Here is what Servlet 3.0 does. Well, it is kind of hard to explain and I did not understand it fully. But here is what I think it does. You can specify on Servlet and Filters that they may be used for asynchronous requests. This is something you have to declare as an attribute of the @WebServlet or @WebFilter Annotation. The request comes in, it will look at the Filter chain and the Servlet. It will figure out if it can run asynchronously or not. The original request calls out and the Request is suspended, therefore freeing a Thread and returning it to the pool. A callback method is given along. The callback method is invoked when the external resource becomes available and the Container will use a new Thread to generate the Response. The Request therefore resumes it's work. New methods for resuming and suspending as well as querying the current status of the request have been added. There was also something called asynchronous Handle in the presentation slides but I forgot how it was used.

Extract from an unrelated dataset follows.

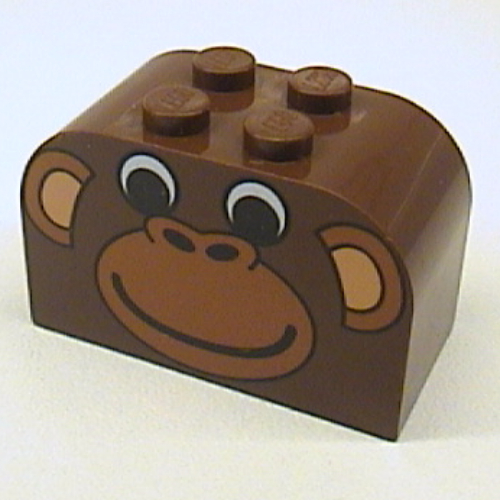 Brown Brick Curved 2x4x2 Double with Monkey Face Print - Used - $0.03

Anyway the guy at JavaOne had an example ready where he had written a Servlet that queried the Ebay Rest Interface for 3 keywords. He then had written the same using asynchronous Requests from Servlet 3.0 and it was like 3 or 4 times faster. This is because not only are the Threads returned to the pool while they are doing nothing (Thread starvation) but also can multiple Requests be run in parallel. This is a major improvement I think. Our current web applications can be made faster just by using features of a new Servlet specification.

I hope this was useful. I will experiment with Servlet 3.0 before the final release comes out. I think I might be able to do this today already using some experimental version of Jetty or Glassfish.